__Supplied information__.
· · · · · · ·

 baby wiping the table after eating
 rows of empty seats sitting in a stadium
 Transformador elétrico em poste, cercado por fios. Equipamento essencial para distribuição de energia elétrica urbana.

· · · · · · ·

__Exercise description__. Reproduce every line of the data exactly as it was written.

__Answer to this task__.
 baby wiping the table after eating
 rows of empty seats sitting in a stadium
 Transformador elétrico em poste, cercado por fios. Equipamento essencial para distribuição de energia elétrica urbana.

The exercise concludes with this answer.